AB 9 will be cool

FGCU plans for cooling plant, academic building

Every day, vehicles traveling on Florida Gulf Coast University’s gravel parking lot leave a trail of dust flying behind them.
That dust may soon be replaced by dust from construction crews.
A new academic building, Academic Building 9, is scheduled to be built between Parking Garage 1 and Recreation Field 1, according to the campus master plan.
“The future academic core (will) displace much of the gravel lot,” said Director of Facilities Planning Tom Mayo.

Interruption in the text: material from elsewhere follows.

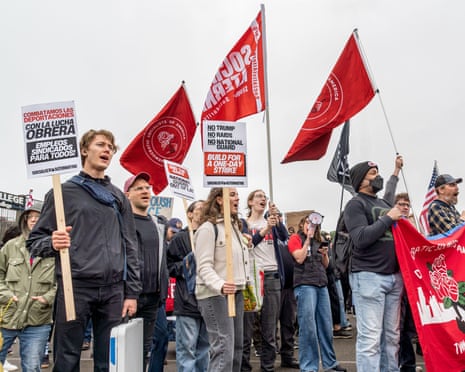a crowd of people holding flags and signs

Construction of Academic Building 9 will not begin until 2015 or later.
Mayo said the building will be located on the far west side of the gravel lot.
Junior business management student Tommy Twyford welcomes the construction.
“I hope the gravel lot is removed,” said Twyford, who is also president of the FGCU Lacrosse Club. “When our lacrosse guys practice out on the fields, it is difficult for some of us to breathe with the dust given off by cars in the gravel lot.”
Mayo said FGCU’s facilities will reach capacity within the next three years, even if additional Friday and Saturday courses were offered.
“We are almost out of classroom and lab-type space,” Mayo said. “We would like to build Academic (Building) 9 as soon as possible.”
According to the most recent campus master plan, the gravel parking lot and recreation field on the east side of campus will be home to future academic buildings. Mayo did not state a specific time period in which all the buildings would be built.
“My biggest question is what will this building look like, and who will pay for it?” Twyford said.
Exact designs for Academic Building 9 do not yet exist, Mayo said. “Right now the priority is expanding the Central Energy Plant.”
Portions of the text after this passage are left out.